Today I finished up a spinning project that has taken me a L O N G time. Not because it was particularly taxing, more that life is busy and I live in a small space. Every time I spin I bring my wheel up from the basement. If I stop in the middle of a project (which I often do because I have small children… and — gasp! — responsibilities beyond the fiber world), we all trip over my wheel until I wrap up the work. When it involves an overnight stay upstairs, my wheel ends up on my kitchen table to insure our puppy — 7month old lab superstar, MooseBurger — does not get any fancy ideas about turning my beloved wheel into a chew toy (he is an angel and would never, but I’m not taking chances). As you can imagine, all this relocating and stopping & starting can sometimes turn 4oz of fiber into a weeks long project. Can I just say though, that it is so worth it.
Let me introduce to you the latest addition to my yarn stash. This is a handpainted roving I purchased from Cloudlover a few months ago (don’t hate me for the time lapse — remember all the moving involved!). I always love the job Natalie at Cloudlover does with her roving. I adore that she often takes color inspiration from current trends, stirs them ever so slightly, & translates it all magically into these wholly unique, beautiful braids. I don’t know how she does it, but I never want her to stop!
This lovely braid was the Illustrus colorway in an 80% merino – 20% silk blend. I spun the single for the yarn at a lace weight and yes, it almost killed me it took so long. Don’t get me wrong, I love spinning and I don’t mind that it takes time. Sometimes though… when I know it’s going to be beautiful…. the wait from roving to finished yarn can feel… very long. But I digress.
Knowing it would be exceptionally light if I just did a 2-ply with it, I decided to be a tad more ambitious and try Navajo plying. Now I had toyed with Navajo plying before with some leftovers so I knew I could do it. I practiced with some ‘lesser yarn’ I had lying around before setting this single up. The start of the plying was a little less than spectacular. So excited that I had a couple of hours to get going on the plying while my kids were at school, I raced to get set-up and going. After over 30 minutes fighting with the technique and it just not working, I set it aside.

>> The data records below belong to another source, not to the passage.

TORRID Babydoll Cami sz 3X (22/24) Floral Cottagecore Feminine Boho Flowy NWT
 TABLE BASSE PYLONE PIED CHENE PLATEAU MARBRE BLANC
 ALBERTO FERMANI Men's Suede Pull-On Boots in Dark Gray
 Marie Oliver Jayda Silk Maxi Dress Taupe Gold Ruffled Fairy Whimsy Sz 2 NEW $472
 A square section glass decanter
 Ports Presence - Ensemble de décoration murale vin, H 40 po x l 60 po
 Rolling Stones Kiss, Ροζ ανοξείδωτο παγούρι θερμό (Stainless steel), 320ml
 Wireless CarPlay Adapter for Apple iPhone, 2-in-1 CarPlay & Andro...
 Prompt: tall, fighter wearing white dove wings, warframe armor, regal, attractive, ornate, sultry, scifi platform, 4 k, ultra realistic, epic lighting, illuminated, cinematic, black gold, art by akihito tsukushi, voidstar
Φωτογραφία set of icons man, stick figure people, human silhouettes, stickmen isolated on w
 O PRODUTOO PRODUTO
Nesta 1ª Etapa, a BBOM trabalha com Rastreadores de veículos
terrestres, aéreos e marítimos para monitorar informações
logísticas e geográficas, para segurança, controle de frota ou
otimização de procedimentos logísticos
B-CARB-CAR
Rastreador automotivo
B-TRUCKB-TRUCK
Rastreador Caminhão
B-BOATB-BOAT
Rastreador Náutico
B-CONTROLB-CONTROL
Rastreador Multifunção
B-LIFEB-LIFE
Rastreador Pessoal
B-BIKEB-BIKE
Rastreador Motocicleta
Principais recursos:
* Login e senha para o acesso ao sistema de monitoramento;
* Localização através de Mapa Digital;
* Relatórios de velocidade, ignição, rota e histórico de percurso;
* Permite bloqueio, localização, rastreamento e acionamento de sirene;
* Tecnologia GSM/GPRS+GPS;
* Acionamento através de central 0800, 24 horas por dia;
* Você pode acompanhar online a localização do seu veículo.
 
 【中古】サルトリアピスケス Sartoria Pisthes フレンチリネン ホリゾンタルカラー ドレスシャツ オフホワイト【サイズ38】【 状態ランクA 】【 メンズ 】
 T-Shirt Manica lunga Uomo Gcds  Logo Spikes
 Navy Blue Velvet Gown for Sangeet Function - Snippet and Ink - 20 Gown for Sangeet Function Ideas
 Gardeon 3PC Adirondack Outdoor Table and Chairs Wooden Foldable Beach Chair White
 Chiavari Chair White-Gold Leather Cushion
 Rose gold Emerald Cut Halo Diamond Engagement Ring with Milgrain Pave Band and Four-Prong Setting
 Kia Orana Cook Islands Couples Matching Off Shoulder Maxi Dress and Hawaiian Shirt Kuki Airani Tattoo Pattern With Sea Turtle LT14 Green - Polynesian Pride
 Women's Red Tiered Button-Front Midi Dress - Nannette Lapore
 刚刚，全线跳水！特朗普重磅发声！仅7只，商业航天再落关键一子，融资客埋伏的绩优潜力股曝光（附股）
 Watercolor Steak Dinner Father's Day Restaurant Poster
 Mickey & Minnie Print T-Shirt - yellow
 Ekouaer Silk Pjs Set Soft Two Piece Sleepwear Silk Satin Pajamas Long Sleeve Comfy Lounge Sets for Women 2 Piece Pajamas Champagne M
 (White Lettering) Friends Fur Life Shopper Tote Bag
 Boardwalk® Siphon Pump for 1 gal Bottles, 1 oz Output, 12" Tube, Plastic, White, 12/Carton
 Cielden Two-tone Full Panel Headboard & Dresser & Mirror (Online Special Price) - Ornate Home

Flabbergasted I grabbed some alpaca roving I had nearby to try to cleanse my palate. As I reached to get the wheel spinning I realized the problem. Yes. It helps to spin the wheel in the correct direction (sometimes I am less than a genius). Back to the plying, it went smoothly from there on out.
I won’t lie to you, it is not perfect. Ironically, as a knitting instructor I tell my students all the time to not be too hard on themselves for little imperfections. I love little inconsistencies in the yarns I buy. I actually love those little spots where the dye is just a bit different. I like the impression that human hands have touched the very materials I am using. When I spin yarn that isn’t perfect though, I tend to focus on the 2 or 3 spots that could be better. With this skein, I am embarking on an attempt to appreciate my handspun for what it is and to be thankful. Despite the hurdles and inconveniences this hobby poses around my house, I appreciate every moment that I get to pursue it. I love that I get to create a yarn that has my own imperfections, my own little signature. I was here. I made this. And it is lovely.